Cottam: "I think Henry Kissinger's idea of diplomacy in this sense is…is intolerable...And Kissinger to cut us off entirely from...from a major popular force. I think is, to a very extensive extent, responsible for a lot of what's happened, yes.".
In our report we also showed copies of classified documents, seized by the Iranians who had captured the Embassy, indicating that American diplomats based in Teheran had actually warned Washington months earlier that radical Iranians might attempt to take U.S. diplomats hostage, particularly if the U.S. allowed the Shah to come to the U.S. for medical treatment, as was then being talked about. Those warnings had been ignored.
Now Iran’s relatively moderate president Bani Sadr was attempting—unsuccessfully--to defuse the crisis that was daily undermining his own political position. In return for releasing the hostages, he was demanding that the U.S. return the Shah, who was currently undergoing medical treatment in the U.S. Bani Sadr had other demands: the return of the moneys that, he claimed, the Shah had embezzled; an American pledge not to interfere in the future affairs of Iran; and an admission of U.S. past wrongs towards Iran.
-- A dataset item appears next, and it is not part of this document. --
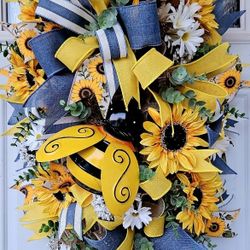 Bee Wreath 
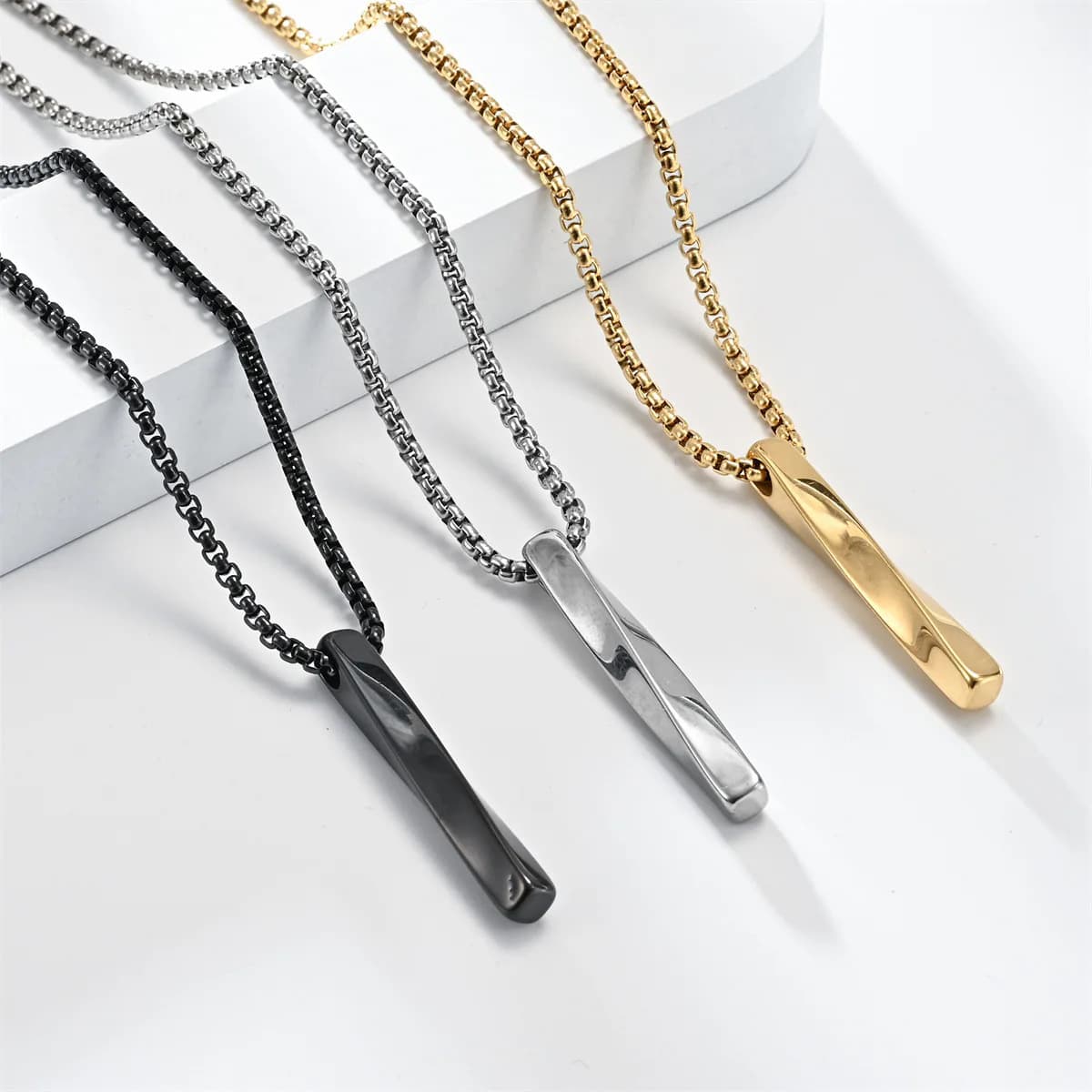 メンズアクセサリー 捻りバーペンダント ネックレス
In light of America’s interventions in that country, was the demand for an apology so outrageous? That was the stark question we posed as the title of our 60 Minutes report: "Should the U.S. Apologize." The final cut of the report ran 25 minutes—an unusually long segment for the program.
But then the White House intervened. President Jimmy Carter called Bill Leonard, the president of CBS News to request that the network not broadcast the report. I was amazed. I knew of no other time that an American president had attempted to squelch one of our broadcasts.
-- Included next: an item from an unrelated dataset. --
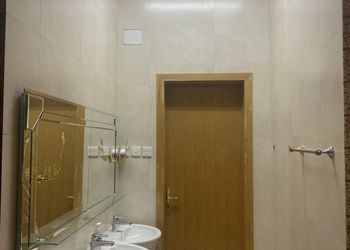 شقة بثلاث غرف نوم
Hewitt, Wallace, and myself were summoned to Leonard's office to screen the segment for the CBS News president, and discuss what should be done.
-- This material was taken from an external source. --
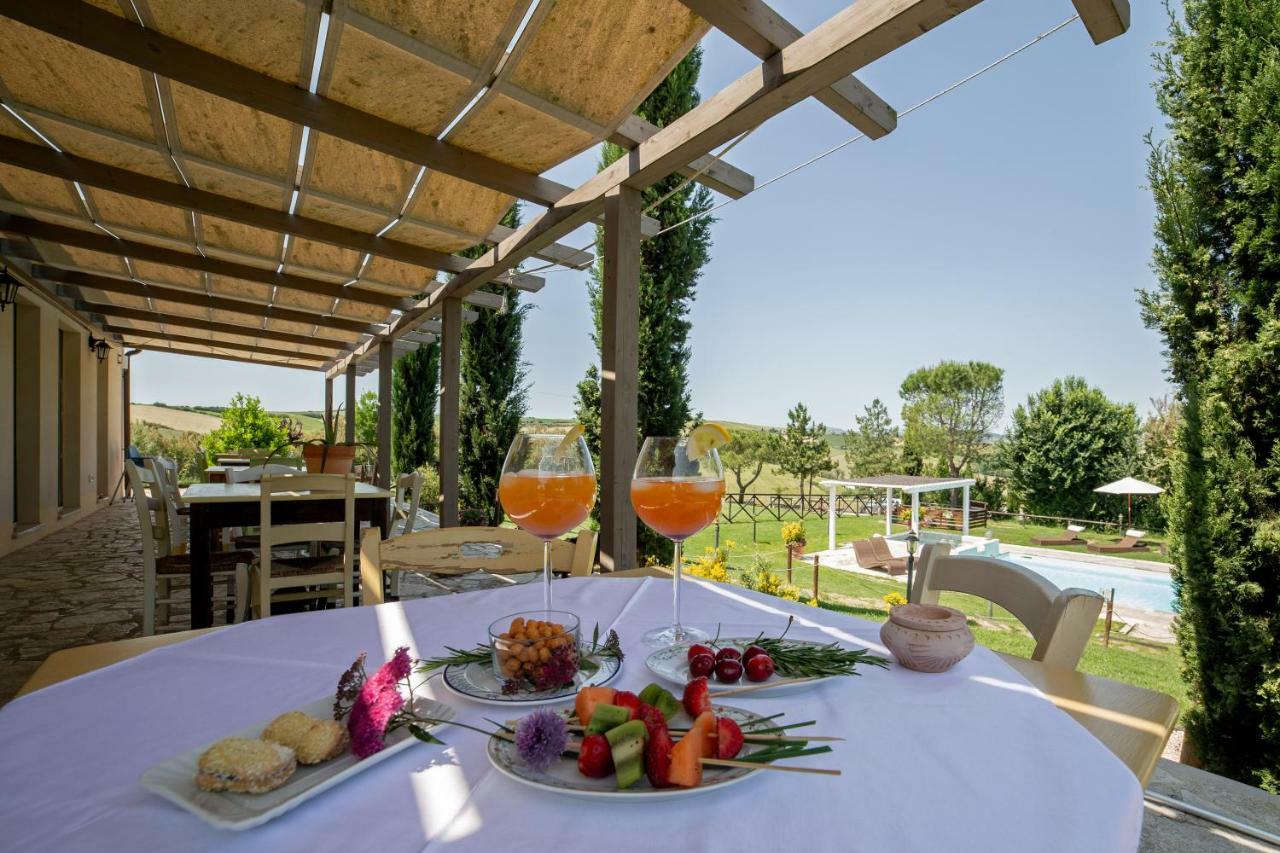 Le Maracla Country House Jesi Exteriör bild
Carter had insisted that our report would undermine the American position in the hostage negotiations. His argument made no sense. We were not revealing anything that harmed America’s national security. There was nothing we were reporting that was not common knowledge in Iran. The ones who might be surprised by our revelations were American not Iranian viewers. In other words, the only way our report could possibly undermine the U.S.'s negotiating position with the Iranians was by simply letting American's understand the emotions driving the other side.
Before the meeting in Leonard’s office, I had my editor make a copy of the report. I felt I had no other moral option, if CBS News refused to broadcast the segment, than to quit and give the copy to Public Television or anyone else who would agree to put it on the air.
To his everlasting credit, Bill Leonard refused to back down. He requested only that we change the title from "Should the U.S. Apologize" to the more neutral "The Iran File."
And that's what went out at 7 P.M. that Sunday night, more than thirty-three years ago.